# Empire Parkeston



## thameswatcher (Aug 11, 2005)

Hello can anybody post a picture of EMPIRE PARKESTON (Troopship) built 1930 by Cammel Laird at Birkenhead and scrapped at Spezia in 1962. I have found a couple of pictures in the gallery but these are really of the tug Guardsman rather than Empire Parkeston

Thanks in advance


----------



## Billy1963 (Jan 4, 2006)

Two photo's at this link:

http://www.photoship.co.uk/JAlbum/Old Ship Picture Gallery D-J/E/slides/Empire Parkeston-01.html

http://www.photoship.co.uk/JAlbum/Old Ship Picture Gallery D-J/E/slides/Empire Parkeston-02.html


----------



## Bruce Carson (Jun 14, 2005)

And another here:

http://groups.msn.com/LADREMEQRIH1960s/shoebox.msnw?action=ShowPhoto&PhotoID=155

Bruce


----------



## R58484956 (Apr 19, 2004)

SS Empire Parkeston. (Ex Northstar-46, Ex Prince Henry- 36) 5556 tons built 1930 by Cammel Laird @ Birkenhead.
366.4 x 57.1 x 27.4. 6 steam turbines SR geared to 2 screw shafts.Engines built by shipbuilder.
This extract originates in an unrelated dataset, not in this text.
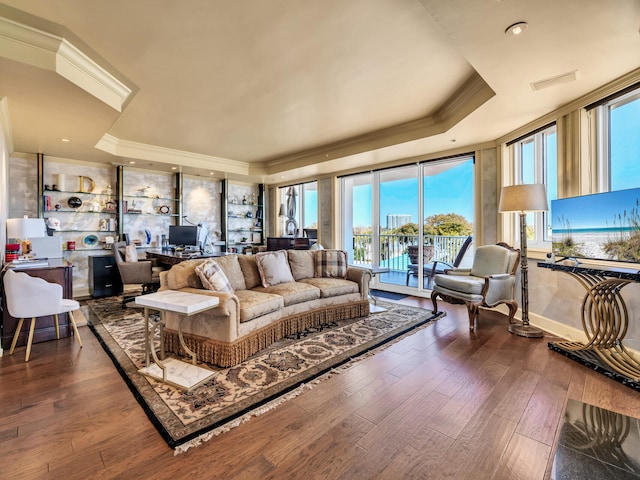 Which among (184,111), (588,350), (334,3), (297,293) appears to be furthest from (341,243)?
(334,3)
ESD,GyC, Radar. Code flags GSXT. Registered London, British flag. Owned by MOT & managed by General Steam navigation Co;


----------



## thameswatcher (Aug 11, 2005)

*Empire parkeston*

Thanks everybody fantastic service


----------



## R58484956 (Apr 19, 2004)

TW all in a days work to pass on info and help. Bon voyage.


----------